__DATA FOR ANALYSIS__
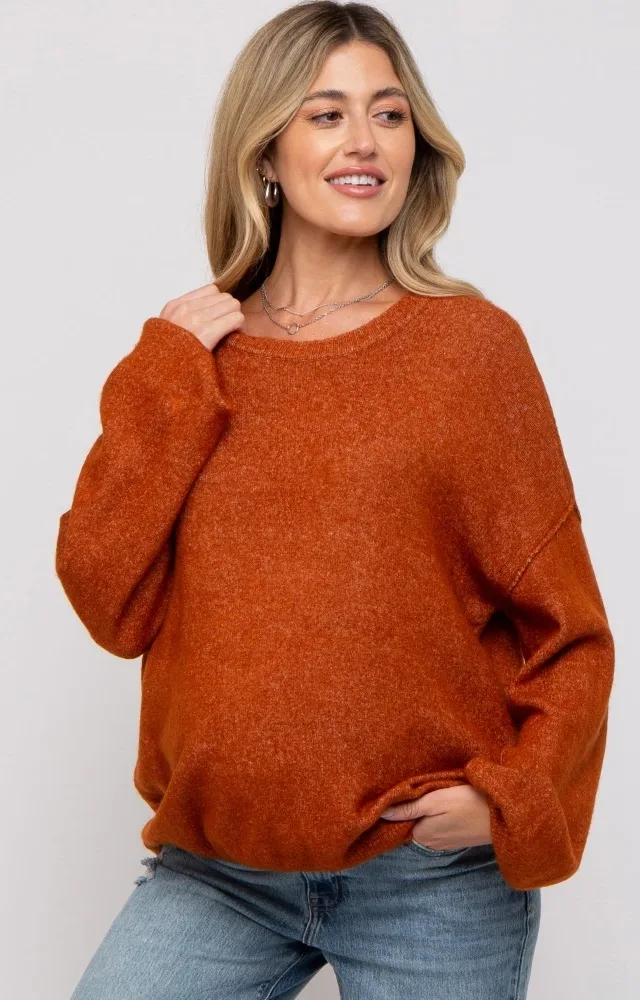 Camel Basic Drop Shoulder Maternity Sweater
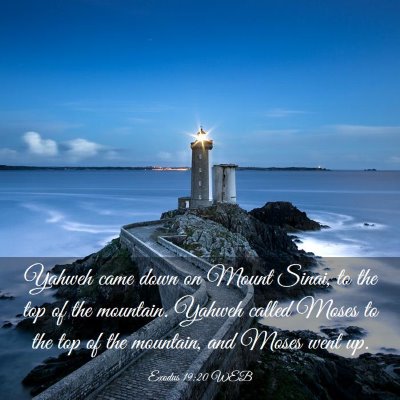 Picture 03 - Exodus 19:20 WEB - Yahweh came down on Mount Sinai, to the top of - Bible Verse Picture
==
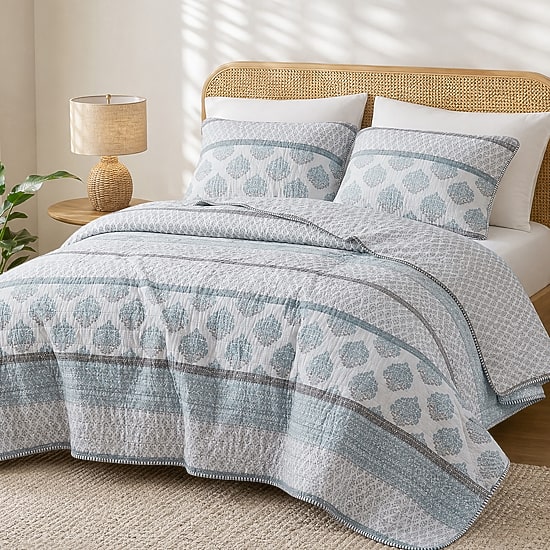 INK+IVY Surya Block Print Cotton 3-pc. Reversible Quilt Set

__WHAT TO WORK ON__
Print the part of the listing above that opens with the line containing "Camel Basic Drop Shoulder Maternity Sweater" and closes with the line containing "Picture 03 - Exodus". Copy it exactly, both ends included, and omit the pictures.

__OUTPUT BELOW__
 Camel Basic Drop Shoulder Maternity Sweater
 Picture 03 - Exodus 19:20 WEB - Yahweh came down on Mount Sinai, to the top of - Bible Verse Picture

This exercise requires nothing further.